Disclaimer: The charts and graphs are for illustrative purposes only and do not represent the actual or projected assessment rates, tax rates or distributions for the City of Amsterdam.
I posted a while ago about the state of assessments in the City of Amsterdam.
I tried to make a few key points based upon my analysis:

1) The existing assessments from 10 years ago are no longer aligned with assessments as of 2008

2) Therefore, the distribution of tax levies is not fairly distributed , ie, some taxpayers are paying more than they should while others are paying less

3) The justification of withholding the revised assessments based upon their unpleasantness or based upon the notion that they were performed during a ‘peak’ market are not tenable

In a comment from Rug City, I decided to sharpen up my analysis a bit so I’ve been working on a way to illustrate my points. I hope this proves instructive.
Before we start, I have two important caveats:

1) My analysis is for illustrative purposes only; the analysis will not withstand any statistical rigor (I’ll explain later)

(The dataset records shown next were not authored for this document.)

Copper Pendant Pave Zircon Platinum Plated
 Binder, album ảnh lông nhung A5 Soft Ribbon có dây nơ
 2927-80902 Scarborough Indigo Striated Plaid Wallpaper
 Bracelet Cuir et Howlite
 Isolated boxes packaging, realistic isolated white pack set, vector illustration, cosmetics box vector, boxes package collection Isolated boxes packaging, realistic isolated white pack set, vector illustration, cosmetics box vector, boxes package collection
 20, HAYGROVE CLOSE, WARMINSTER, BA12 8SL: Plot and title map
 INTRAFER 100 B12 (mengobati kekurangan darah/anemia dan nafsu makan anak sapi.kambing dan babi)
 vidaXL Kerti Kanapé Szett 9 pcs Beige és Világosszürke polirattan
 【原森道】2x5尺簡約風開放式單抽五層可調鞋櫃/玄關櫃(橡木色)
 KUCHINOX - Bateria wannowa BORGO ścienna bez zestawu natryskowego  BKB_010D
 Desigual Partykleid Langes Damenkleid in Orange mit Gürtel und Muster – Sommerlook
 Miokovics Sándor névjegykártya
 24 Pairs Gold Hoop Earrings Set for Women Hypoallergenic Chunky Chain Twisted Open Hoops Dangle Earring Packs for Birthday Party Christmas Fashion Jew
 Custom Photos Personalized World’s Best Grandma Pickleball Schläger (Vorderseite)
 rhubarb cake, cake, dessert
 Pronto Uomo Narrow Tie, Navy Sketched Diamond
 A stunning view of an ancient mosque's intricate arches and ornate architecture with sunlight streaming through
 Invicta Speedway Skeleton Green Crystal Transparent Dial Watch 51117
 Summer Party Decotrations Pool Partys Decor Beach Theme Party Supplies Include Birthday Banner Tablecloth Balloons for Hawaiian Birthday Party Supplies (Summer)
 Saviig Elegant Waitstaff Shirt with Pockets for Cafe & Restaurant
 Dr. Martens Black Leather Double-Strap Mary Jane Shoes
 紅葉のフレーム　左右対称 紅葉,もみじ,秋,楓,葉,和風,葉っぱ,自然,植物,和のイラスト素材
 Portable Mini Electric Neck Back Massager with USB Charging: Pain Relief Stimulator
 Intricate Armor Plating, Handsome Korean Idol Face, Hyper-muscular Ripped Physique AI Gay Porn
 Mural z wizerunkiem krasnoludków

2) As I’m trying to illustrate dynamics of assessments, I’ve intentionally withheld the addresses of specific properties used in the examples (I’ll explain later too)

Let’s get started.
First, we’ll use the list price of homes for sale as the market value and assume that the level of assessment will be 100%. For example, if your house is listed for $95,000 , we will establish a 2008 assessment value of $95,000 (100% * $95,000). This assumption seems reasonable as real estate list price represents an informed estimate of the market price (ultimately the sales price) and as I posted previously, the purpose of an assessment is to arrive at a market value. Second, we can find the existing assessment of the property as a matter of public record. So given the public availability of listing prices and current assessed value, we can easily calculate what the change in taxes will be. It’s sooo… simple!
Not really.
According to the Office of Real Property Services, the city of Amsterdam has 5034 residential parcels. Given that, how many units would I need to assess to calculate a statistically sound analysis? I’d need to assess 2278 units so I could be 99% sure that my estimates of the new assessments would be within +-2% of their market value. Unfortunately for me , I can only find 110 houses listed for sale in the city via the MLS so I can in no way reach a statistically defensible analysis as my sample size falls far too short. This shortfall accounts for my caveats and disclaimers at the beginning of the post as I especially did not want to isolate specific properties currently on the market and give any indication of a future assessment value knowing that the underlying analysis does not support the calculation.
Let’s proceed anyway with the currently listed houses and let’s make a simplifying assumption for the sake of argument (and likely a heated one) that the universe of listed houses represent the city as a whole. Remember: I’m trying to illustrate the dynamics at work in assessments versus trying to calculate the ‘true’ assessments (which we’ve seen is statistically impossible with only 110 houses and also ignores non-residential parcels which also must be part of the assessment ).
Before I crunch any numbers, I can see three scenarios play out related to assessments. The first scenario is a “perfect world” scenario whereby the new higher assessments create no change in taxes paid by homeowners. The second scenario is an “acceptable” scenario whereby the new assessments create changes in taxes paid by homeowners but the changes are within plus or minus three percentage points– in other words, most people would see no change in taxes paid while some people would pay a bit less and some people would pay a bit more. The third scenario is a “nightmare” scenario whereby the taxes paid would shift radically with a significant portion of the tax payers paying more and a significant portion paying less.
To crunch the numbers on taxes paid, I’m going to use the current City of Amsterdam tax rate multiplied by the assessed value. As the City tax rate is $13.89 per thousand (excluding fees and water/sewer charges), we can calculate the taxes paid with the current assessments and with the estimated assessments after reassessments.
For the first scenario (“perfect world”), the distribution of changes in taxes paid looks like the chart below.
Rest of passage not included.